Si conferma la diva per eccellenza Giulia Ottonello che, ancora una volta (come se ce ne fosse bisogno), dimostra quanto i ruoli più esuberanti le calzino a pennello. La sua Sally Bowles, però, non è solo questo: è sì, una stella del club berlinese che sogna di diventare una star (anzi, un pianeta!) ma è anche una ragazza fragile, nei suoi 19 anni, in balia delle circostanze e per nulla consapevole di quello che sta succedendo fuori (si chiederà: "La politica? Ma che c'entra con noi?"). Qualità vocali di indiscutibile levatura e presenza scenica possente: intensa e toccante nel brano "La vita è un Cabaret" del secondo tempo, riesce ad usare tutti i colori della sua voce con estrema facilità (basti ascoltare anche "Maybe This Time").
Accanto a lei c'è Mauro Simone, sempre perfetto nei tempi e rispettoso della natura del personaggio. È lui a dare volto e voce al giovane romanziere americano in cerca di ispirazione e di fortuna, Cliff Bradshaw. Tra i due scoppia l'inevitabile passione.

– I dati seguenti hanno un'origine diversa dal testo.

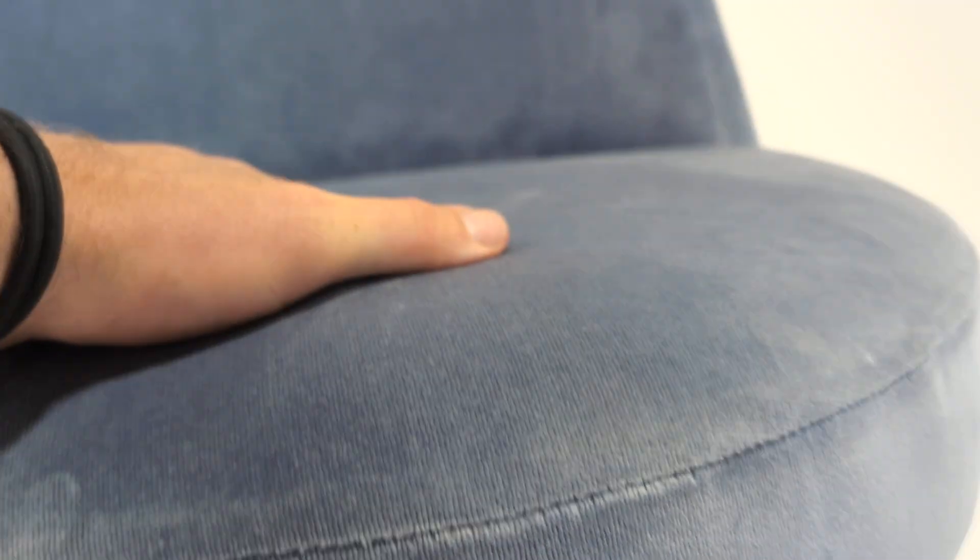Really nice and comfortable. You can see how dense the top is, but also the seat — look at that. Nice and dense, nice and firm. Very comfortable indeed.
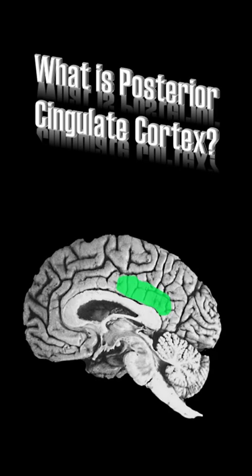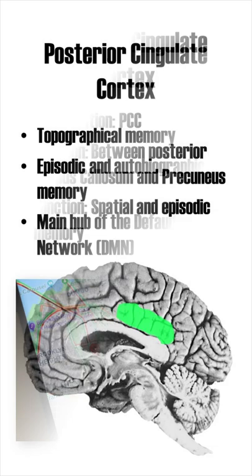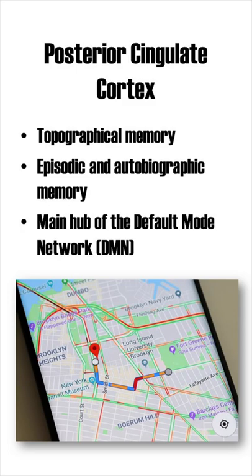What is the posterior cingulate cortex? Abbreviated as PCC, the posterior cingulate cortex is located between the posterior part of the corpus callosum and the precuneus. Its main function is spatial and episodic memory. The PCC is strongly involved in memorizing locations and performing mental spatial navigation — it is like the Google Maps of your brain.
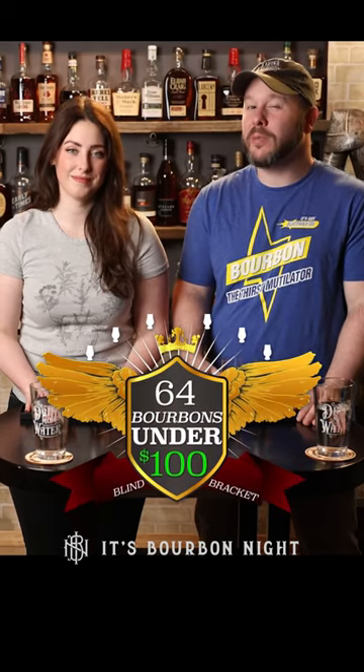Welcome to another episode of 64 Bourbons Under $100, where we're on the quest to determine the best bourbon under 100 bucks.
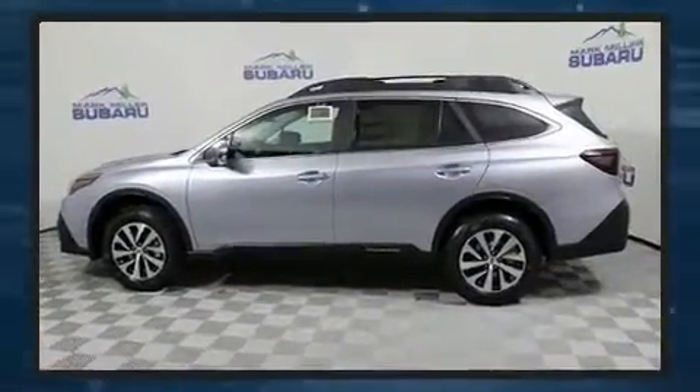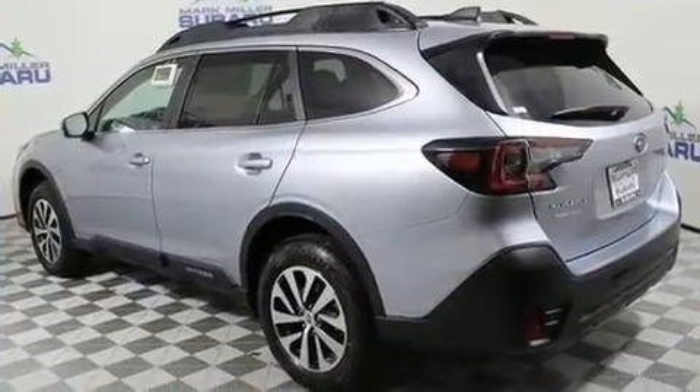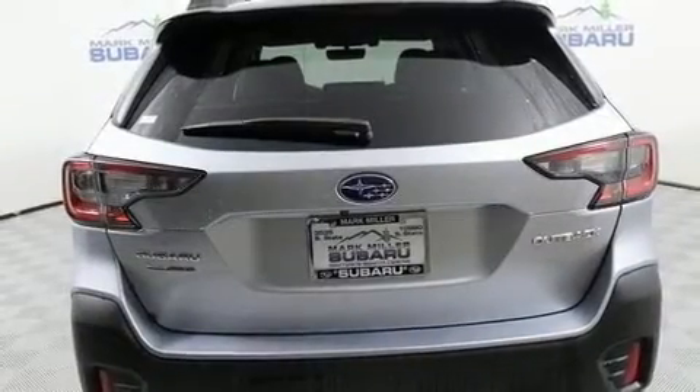Subaru infused the interior with top-shelf amenities such as one-touch window functionality, front fog lights, a roof rack, rear wipers, and air conditioning.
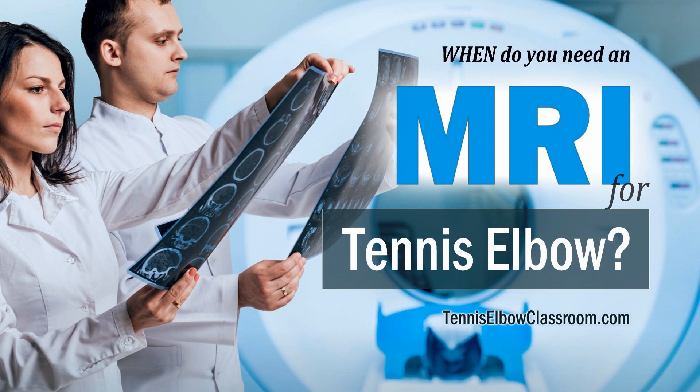When should you get an MRI if you have tennis or golfer's elbow? This is Alan Ouellette from Tennis Elbow Classroom, and this is a question I'm often asked by my clients in my clinic and my program members online. So in this episode, we're going to cover this important question and several related ones.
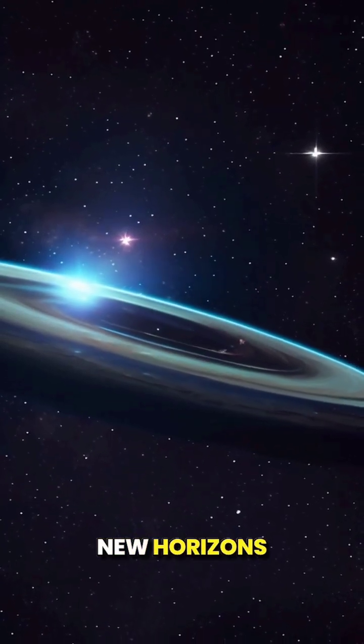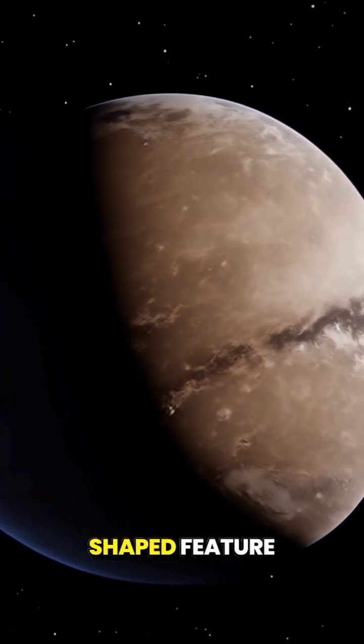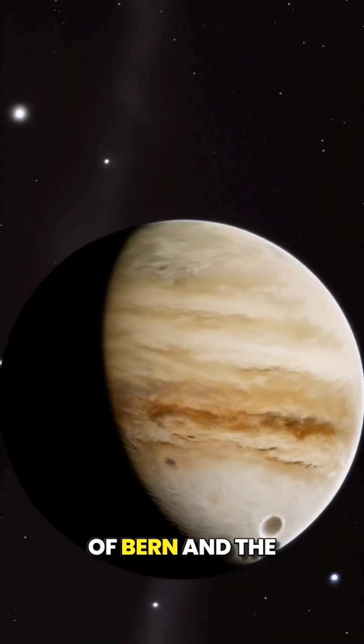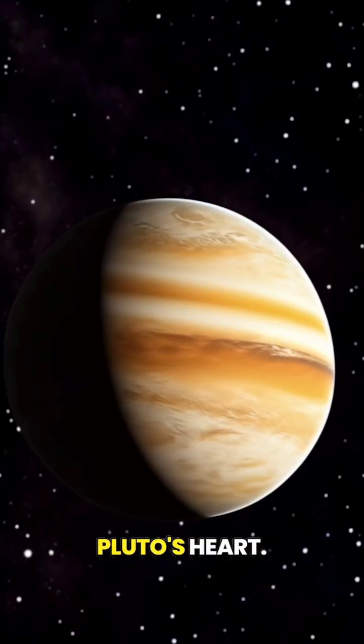In 2015, NASA's New Horizons mission revealed a breathtaking sight on the distant dwarf planet Pluto — a heart-shaped feature named Tombow Regio. Using advanced numerical simulations, researchers from the University of Bern and the University of Arizona have unraveled the mystery behind the formation of Pluto's heart.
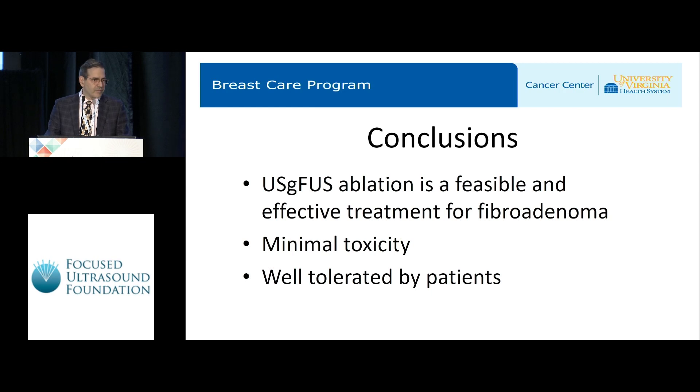Regarding location of a lesion and distance from the skin — can you treat any fibroadenoma? We can't treat all fibroadenomas. We want to have at least five millimeters from the anterior ablation zone limit to the skin, and we can treat up to about 28 millimeters in depth.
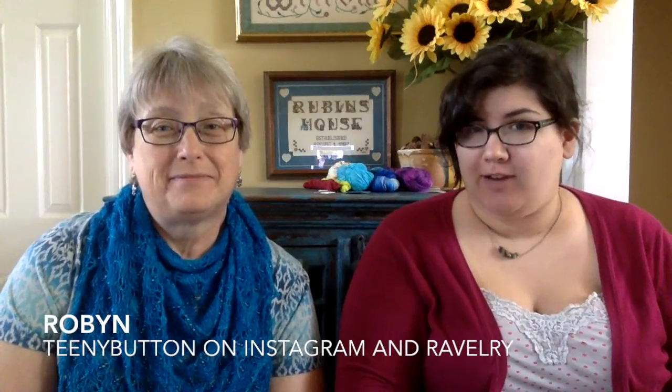I'm Robin, I'm Mary. You can find me as Teeny Button on Instagram and Ravelry, and my Etsy shop Teeny Button Studio where I sell hand-dyed yarn and project bags. You can find me on Ravelry and Pinterest as Snippin Fool, and on Instagram as My Angry Orange Cat.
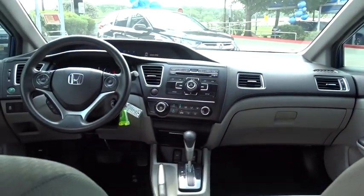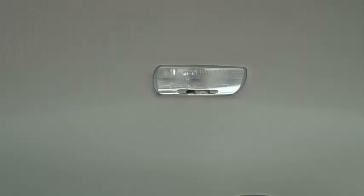Cruise control, floor mats, rear defrost, AM-FM stereo radio, trip computer, child safety locks, remote-powered door locks, power windows.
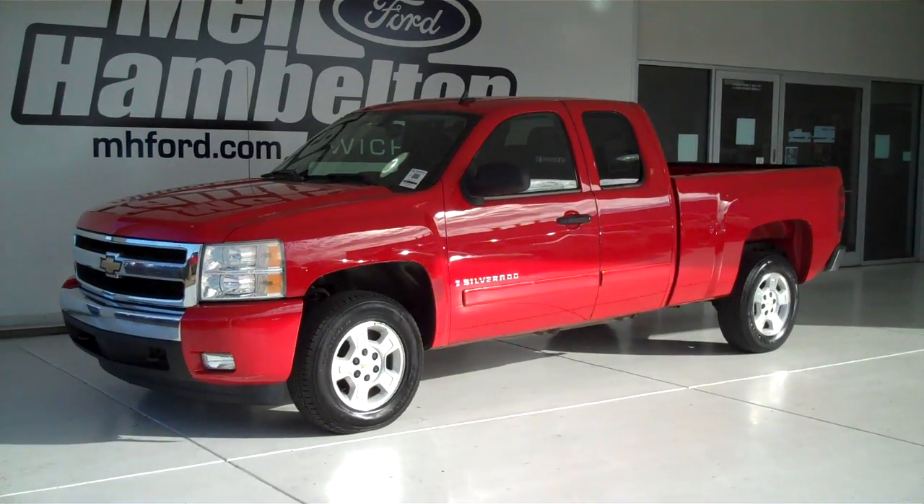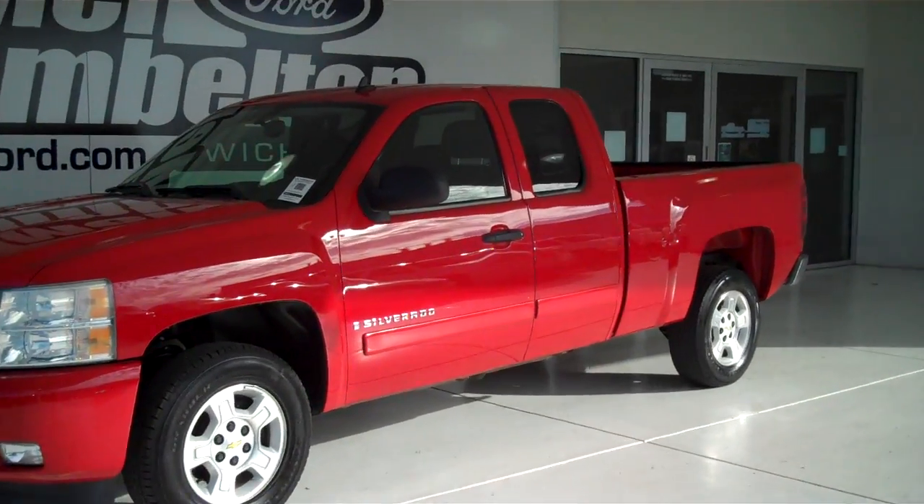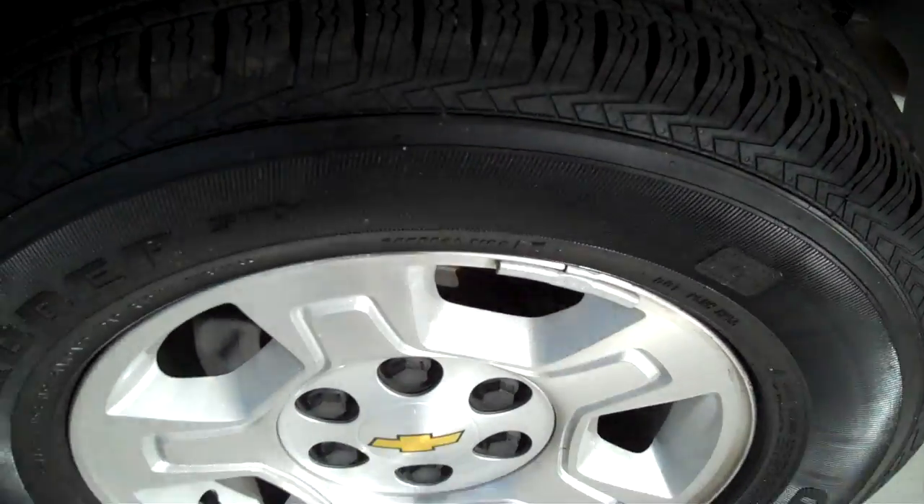121871B is a pre-owned 2007 Chevy Silverado LT. It is bright red in color, it has the factory alloy wheels, and it looks like it's sitting on a brand new set of tires.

Coppia più matura e consapevole di ciò che sta per iniziare nella Berlino dei primi anni Trenta, è quella formata da Fräulein Schneider e Herr Schultz, che scelgono di sacrificare il proprio sogno di una vita insieme. Lei, austera affittacamere; lui, riservato, un po' timido, ebreo. A interpretarli con l'autorevolezza dei tanti anni di palco sono Altea Russo e Michele Renzullo (anche produttore esecutivo dello spettacolo). Ben riuscita la scena dell'avvenuta consapevolezza, dove il panno di scena diventa simbolo della loro separazione.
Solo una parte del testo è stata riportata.